Verizon Communications reported fewer-than-expected wireless subscribers for the
fourth quarter and warned that pension and other post-retirement expenses would hurt earnings in 2009, dragging its shares down more than 5 percent.
Some analysts said they were impressed by strong growth in Verizon’s (NYSE: VZ) FiOS television and high-speed Internet subscribers, but the results showed the No. 2 U.S. phone company was not immune to the recession and plunging global markets.
Verizon said on Tuesday that quarterly profit rose to $1.2 billion, or 43 cents a share, from $1.1 billion, or 37 cents a share, a year earlier.
Earnings per share before items fell to 61 cents from 62 cents. That was a penny below the analysts’ average forecast of 62 cents, according to Reuters Estimates.
Total revenue rose 3.4 percent to $24.6 billion, roughly in line with market expectations.

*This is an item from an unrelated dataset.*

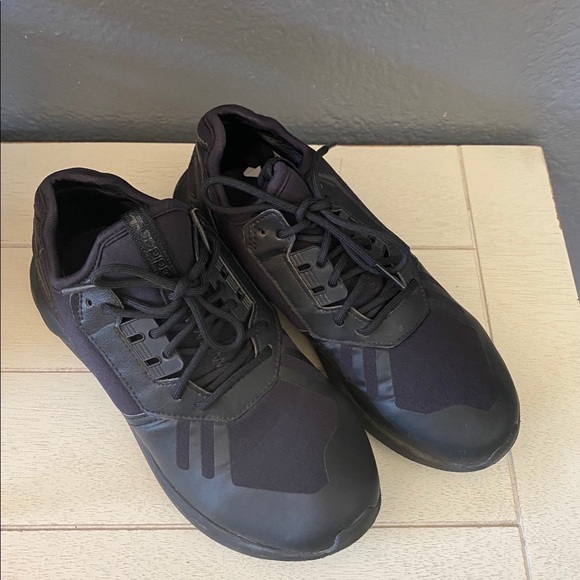 Adidas Originals Tubular Runner Youth Size 3.5 - Picture 1 of 7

Verizon said pension and other post-retirement expenses would hurt 2009 earnings by 9 cents to 11 cents per share, joining a growing number of companies being forced to fill funding gaps due to turmoil in financial markets.
But some analysts said they were impressed with growth in FiOS, which competes with cable service providers. Verizon reported 303,000 net new FiOS TV customers and 282,000 FiOS Internet customers for the quarter, the biggest gains ever, helping to offset the loss of traditional wireline subscribers.

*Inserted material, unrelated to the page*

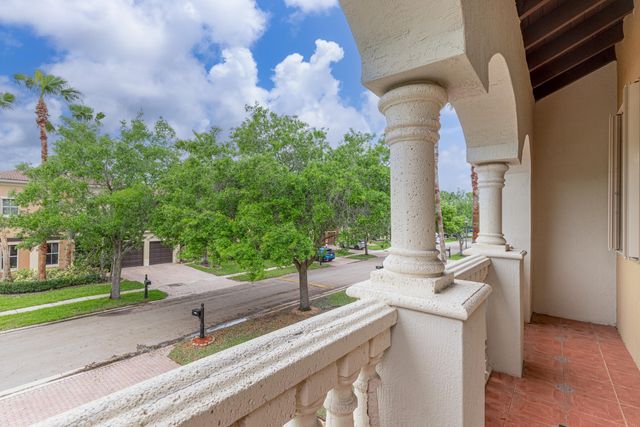 9195 Nugent Trail, West Palm Beach, FL 33411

“FiOS is really beginning to rock and roll, although wireless net adds were a little bit soft,” said analyst Christopher King of Stifel Nicolaus Telecom Equity Research.

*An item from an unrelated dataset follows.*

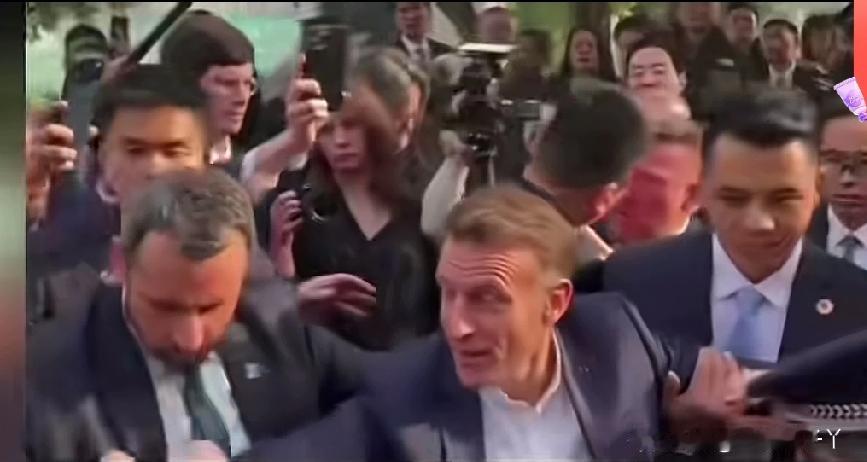 马克龙访川大那天，现场学生直接把路围得水泄不通，中法保镖的“画风差”直接成了名场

Verizon Wireless, owned by Verizon and Britain’s Vodafone Group (NYSE: VOD), said it had added 1.4 million net subscribers in the quarter, compared with the analysts’ average forecast of about 1.5 million. It added 2 million in the year-earlier quarter.
The wireless unit also closed its acquisition of rural wireless provider Alltel in early January. The merger created the biggest U.S. wireless provider by surpassing AT&T (NYSE: T) in terms of subscribers.
Verizon shares were down 5.4 percent at $29.32 in morning New York Stock Exchange trading.